"Un lugar en silencio: parte 2": a la manera de Spielberg.
Hay algo del director de "Tiburón" en la manera de filmar de Krasinski, que juega sus mejores cartas poniendo en la mesa un suspenso por momentos insoportable. Estreno en salas únicamente.
La industria cinematográfica pos-pandemia, con las nuevas lógicas de distribución y exhibición conquistando terrenos hasta ahora inexpugnables, será muy distinta a la que supo ser. Un cambio de paradigma que debería llevarse algunas máximas tan viejas como inexactas. El de que las segundas partes no son buenas, por ejemplo, como han demostrado decenas de secuelas a la altura, o incluso superiores, a las primeras. La última de ellas es Un lugar en silencio: Parte 2, que retoma las acciones casi en el mismo lugar donde había terminado la película de 2018, aunque con un breve e intenso prólogo que describe cómo era la vida de la familia Abbott antes de la llegada de las misteriosas criaturas, de fisonomía de reptiles gigantes, que sumirán a la humanidad a una interacción silente. Porque estos bichos, como casi todos, corren rapidísimo, a lo que le suman un desarrollado sistema auditivo que les permite detectar a sus víctimas apenas hagan ruido.
Una frase dicha en un tono superior al de un susurro, una herramienta que cae en el piso, el crujir de la vegetación seca ante una pisada desatenta, una respiración agitada: cualquier error puede significar la muerte en medio de una dinámica diaria tremenda, salvaje y oscura. Nada nuevo para un relato de supervivencia en un contexto a priori imposible, podría pensarse, salvo por el detalle que John Krasinski –el recordado Jim Halpert de The Office, repitiendo aquí el rol de director– hace del miedo un elemento ubicuo, presente incluso cuando parece reinar la calma, valiéndose tanto del trabajo sonoro como de una puesta en escena por la cual el fuera de campo juega un rol fundamental.
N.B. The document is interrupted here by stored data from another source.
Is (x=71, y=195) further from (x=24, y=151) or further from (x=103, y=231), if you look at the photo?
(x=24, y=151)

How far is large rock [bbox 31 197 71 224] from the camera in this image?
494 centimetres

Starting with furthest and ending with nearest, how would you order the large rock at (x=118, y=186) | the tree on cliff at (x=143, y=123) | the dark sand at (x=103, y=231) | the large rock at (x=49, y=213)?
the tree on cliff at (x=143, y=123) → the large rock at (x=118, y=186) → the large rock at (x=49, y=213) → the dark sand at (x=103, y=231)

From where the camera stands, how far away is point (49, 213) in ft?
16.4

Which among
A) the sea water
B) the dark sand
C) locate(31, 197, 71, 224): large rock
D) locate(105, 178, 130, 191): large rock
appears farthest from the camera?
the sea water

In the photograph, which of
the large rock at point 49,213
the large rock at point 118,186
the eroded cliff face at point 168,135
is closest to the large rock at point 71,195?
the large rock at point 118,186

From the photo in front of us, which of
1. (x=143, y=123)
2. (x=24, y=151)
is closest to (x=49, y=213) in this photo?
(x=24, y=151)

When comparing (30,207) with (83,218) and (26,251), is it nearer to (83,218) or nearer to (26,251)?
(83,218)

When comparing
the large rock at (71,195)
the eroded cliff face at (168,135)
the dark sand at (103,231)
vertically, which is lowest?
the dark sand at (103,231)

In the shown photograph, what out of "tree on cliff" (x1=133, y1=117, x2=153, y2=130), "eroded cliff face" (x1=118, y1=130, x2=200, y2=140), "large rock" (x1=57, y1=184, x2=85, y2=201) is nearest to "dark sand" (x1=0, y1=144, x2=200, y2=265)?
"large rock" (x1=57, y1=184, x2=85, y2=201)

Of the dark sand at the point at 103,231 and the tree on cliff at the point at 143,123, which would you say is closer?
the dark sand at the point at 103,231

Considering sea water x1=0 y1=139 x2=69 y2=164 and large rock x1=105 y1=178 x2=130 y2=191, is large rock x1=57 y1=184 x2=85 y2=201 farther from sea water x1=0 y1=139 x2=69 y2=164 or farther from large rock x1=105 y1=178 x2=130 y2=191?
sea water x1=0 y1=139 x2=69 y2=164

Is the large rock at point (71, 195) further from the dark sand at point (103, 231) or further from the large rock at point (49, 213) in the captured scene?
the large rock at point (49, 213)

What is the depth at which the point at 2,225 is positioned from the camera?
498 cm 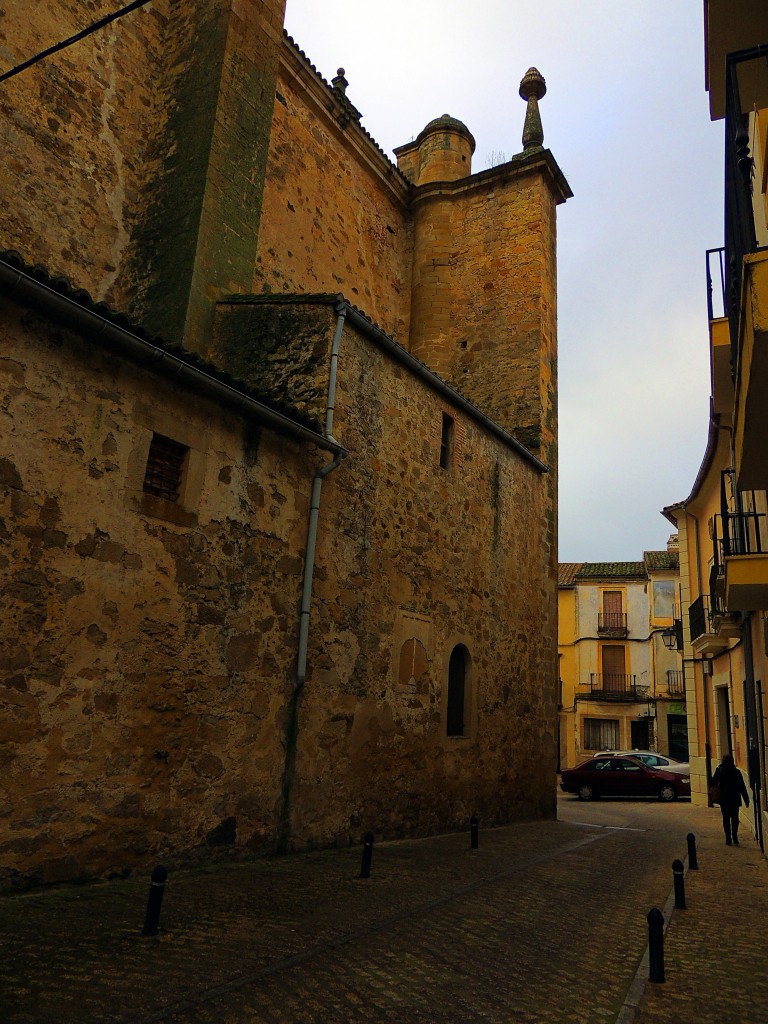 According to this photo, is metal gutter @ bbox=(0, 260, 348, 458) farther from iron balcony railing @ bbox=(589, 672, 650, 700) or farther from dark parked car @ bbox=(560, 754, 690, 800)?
iron balcony railing @ bbox=(589, 672, 650, 700)

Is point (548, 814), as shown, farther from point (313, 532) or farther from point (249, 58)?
point (249, 58)

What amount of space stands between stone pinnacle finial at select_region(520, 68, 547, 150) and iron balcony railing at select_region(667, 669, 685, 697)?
918 inches

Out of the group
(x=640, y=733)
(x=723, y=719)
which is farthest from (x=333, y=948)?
(x=640, y=733)

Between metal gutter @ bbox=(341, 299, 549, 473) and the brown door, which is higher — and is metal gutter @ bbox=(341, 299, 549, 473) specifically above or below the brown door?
below

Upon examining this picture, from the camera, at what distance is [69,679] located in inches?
213

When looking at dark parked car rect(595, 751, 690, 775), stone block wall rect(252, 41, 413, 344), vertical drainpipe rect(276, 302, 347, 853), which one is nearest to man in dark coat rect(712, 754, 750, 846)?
vertical drainpipe rect(276, 302, 347, 853)

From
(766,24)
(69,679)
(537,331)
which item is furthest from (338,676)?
(537,331)

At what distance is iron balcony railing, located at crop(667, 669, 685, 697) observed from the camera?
31669 millimetres

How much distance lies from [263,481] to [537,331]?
28.2 feet

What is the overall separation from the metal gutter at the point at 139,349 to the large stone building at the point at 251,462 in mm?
28

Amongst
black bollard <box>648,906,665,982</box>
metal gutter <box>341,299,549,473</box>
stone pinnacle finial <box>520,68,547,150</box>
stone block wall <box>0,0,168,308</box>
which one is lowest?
black bollard <box>648,906,665,982</box>

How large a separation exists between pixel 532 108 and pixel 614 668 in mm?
23686

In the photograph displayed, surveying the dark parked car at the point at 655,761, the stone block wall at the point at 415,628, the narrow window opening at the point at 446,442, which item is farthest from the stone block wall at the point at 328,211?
the dark parked car at the point at 655,761

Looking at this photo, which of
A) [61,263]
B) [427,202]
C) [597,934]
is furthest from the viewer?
[427,202] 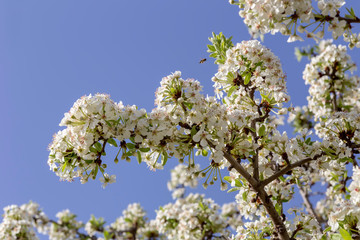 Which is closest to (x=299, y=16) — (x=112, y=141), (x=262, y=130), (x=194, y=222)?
(x=262, y=130)

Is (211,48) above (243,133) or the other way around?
above

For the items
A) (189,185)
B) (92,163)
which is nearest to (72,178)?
(92,163)

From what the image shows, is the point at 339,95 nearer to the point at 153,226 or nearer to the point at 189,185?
the point at 189,185

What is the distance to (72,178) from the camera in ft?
12.0

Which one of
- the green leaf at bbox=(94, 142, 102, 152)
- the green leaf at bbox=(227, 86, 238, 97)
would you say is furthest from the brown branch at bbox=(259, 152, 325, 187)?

Hay algo spielbergiano en su manera de filmar, un estilo patente desde una secuencia introductoria en la que los Abbott asisten al partido de béisbol infantil de uno de los hijos. Todo marcha sobre los carriles habituales del deporte, hasta que en el cielo empiezan a dibujarse figuras extrañas. Krasinski, como Spielberg con el vuelo en bicicleta de E.T. o el primer encuentro con dinosaurios en Jurassic Park, no dirige directamente la atención hacia lo que ocurre a cientos de kilómetros de altura, sino que primero clava la cámara en los rostros extrañados de Lee (Krasinski) y Evelyn (Emily Blunt) mirando así arriba. Y es la versión de 2005 de La guerra de los mundos, nada casualmente dirigida por Spielberg, la que asoma como referencia rítmica, narrativa y visual más clara, aunque sin las resonancias sociopolíticas que habilitaban los por entonces recientes ataques a las Torres Gemelas. Allí eran un padre y su pequeña hija quienes, intentando sobrevivir a los ataques externos, se cruzaban con personas tan peligrosas como las criaturas. Algo similar ocurre aquí con Evelyn, los pequeños Regan (Millicent Simmonds), Marcus (Noah Jupe) y su hermanita bebé.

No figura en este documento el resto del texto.